Michigan apples invoke the distinct taste of fall whether you’re baking a pie, stirring a cinnamon-y sauce, or enjoying the fresh crunch of a freshly picked Honeycrisp. However, apple enjoyment is not limited to dessert. Savory lovers know how to highlight the fruit’s natural sugars without crossing into sweet tooth territory.
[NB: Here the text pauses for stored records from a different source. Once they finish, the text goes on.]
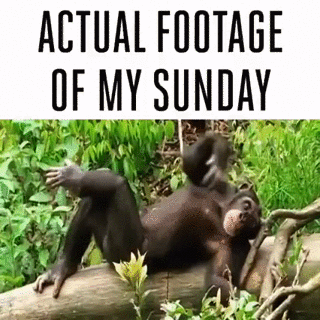 sundays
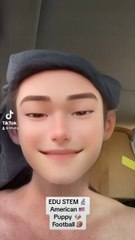 EDU STEM American Puppy Football !!! Everyone lives puppies more than pigballs!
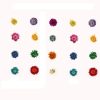 Dried Pressed Flower Multi Colour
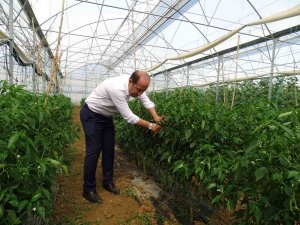 Hasat Vaktinde Çiftçiler Yalnız Bırakılmıyor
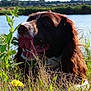 dog, grass, river, outdoor, nature, sunlight, tongue_out, brown_coat, white_coat, animal, pet, happy, summer, water, landscape, field, plant, leaf, sky, relaxing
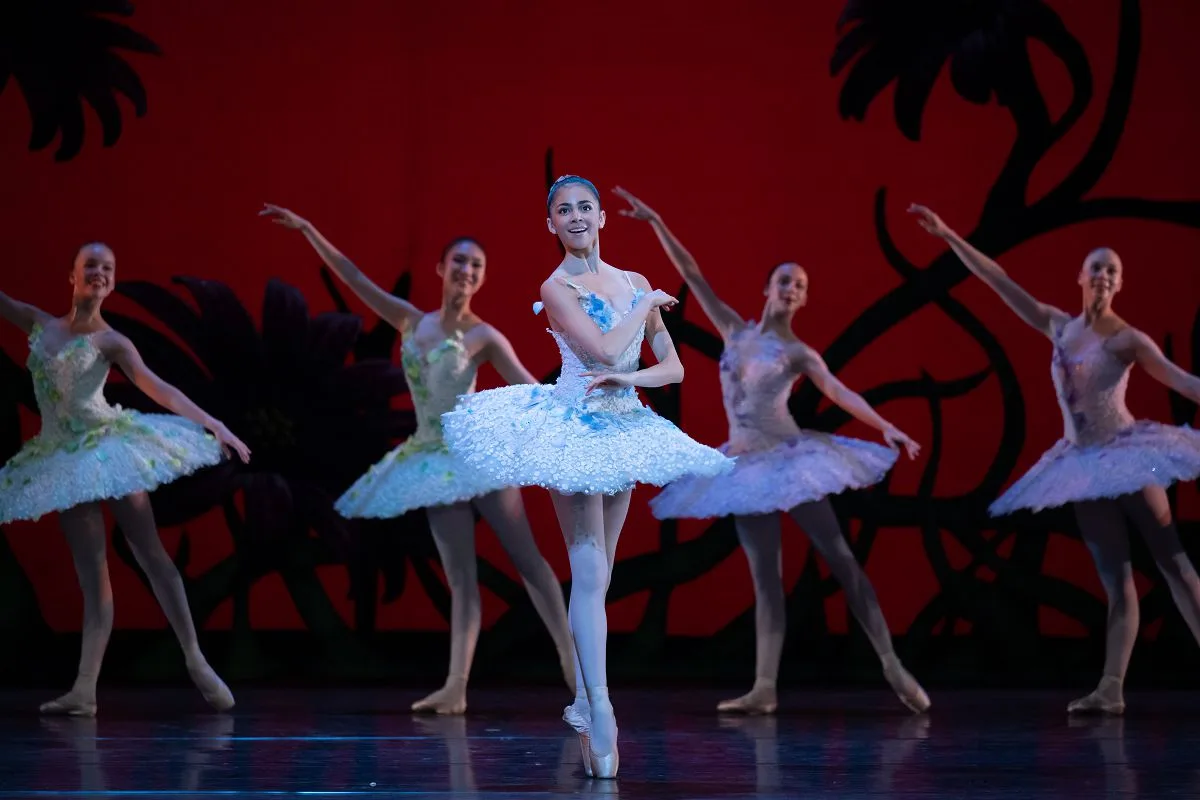 Don Quixote by Carlos Acosta after Marius Petipa Katie Robertson 1 jpg Don Quixote by Carlos Acosta after Marius Petipa - Katie Robertson (1)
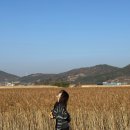 창규네주방 | 늦겨울, 당일치기 순천 여행 🌾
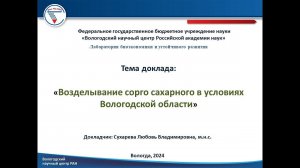 "Возделывание сорго сахарного в условиях Вологодской области"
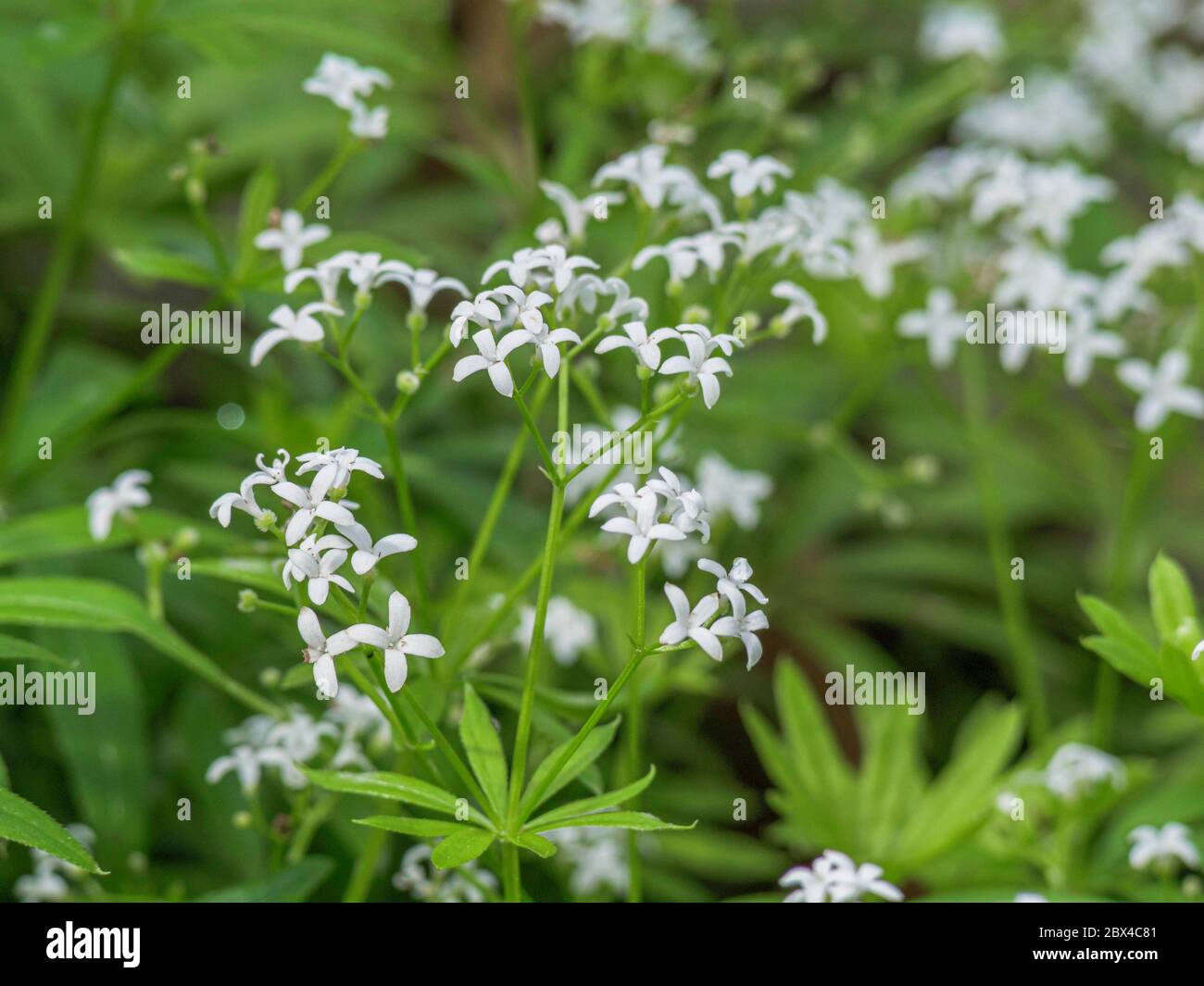 Sweet woodruff (Galium odoratum), Bavaria, Germany, Europe Stock Photo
Enter this unique recipe from Jermond Booze, co-founder of Taste the Diaspora Detroit; a distinct combination of local produce and savory spices.
Join Booze at Plymouth Farmers Market on September 17th from 10 am – 12 pm as part of the What’s Cookin’? Farmers Market Cooking Demo series with Genisys Credit Union. Get the schedule of demos here!
For the Apples and Beets
- 2 large beets, whole or roasted
- 2 Michigan apples, diced
- 2 tbsp olive oil
- 1 tbsp apple cider vinegar
- 2 cloves garlic, minced
- 1 tbsp Dijon mustard
- 1 tbsp dried or fresh thyme
- 1 1/2 tsp maple syrup or honey
- 1 tsp sambal
- 1 cup fresh parsley, chopped
- Himalayan sea salt and pepper to taste
For the Dukkah
- 3 cups toasted hazelnuts
- 1/4 cup toasted pistachios
- 1/4 cup sesame seeds
- 1/4 tsp fennel seeds
- 3/4 tsp ground coriander
- 3/4 tsp ground cumin
- 1/2 tsp sea salt
For the Charred Radicchio
- 1 head radicchio
For Apples and Beets
If using fresh beets, roast by pre-heating your oven to 400 degrees. Wrap each beet in foil, add salt, pepper, and oil. Roast beets in pre-heated oven at 40-50 minutes or until a knife or fork goes through with little resistance. Once tender, allow the beets to cool before peeling and cutting into the same size as the apples.
In a large bowl, combine the beets and apples.
In a mason jar, add the olive oil, apple cider vinegar, Dijon mustard, garlic, thyme, sambal, and maple syrup. Seal the lid of the jar and shake well for 2 minutes until the dressing ingredients are well combined.
Pour the dressing over the beets and apples and stir well. Taste and add salt and pepper, if needed. Add chopped parsley.
Let apples and beets marinate overnight or at least 2 hours before adding to the salad.
For the Dukkah
Transfer the nuts and seeds to a food processor and add the coriander, cumin, and ¼ teaspoon of salt. Pulse until well chopped. Season to taste with more salt, if desired.
Slice radicchio into quarter wedges. Heat a cast iron skillet or cast-iron griddle until smoking point. Place radicchio down on smoking cast iron for 30 seconds up to 1 minute until a char begins to develop.
For the Salad
Place one-quarter of the radicchio wedges on a plate. Top with apple and beet mixture. Lastly, top off with a tablespoon of Dukkah per salad.
Jermond Booze is a co-founder of Taste the Diaspora Detroit.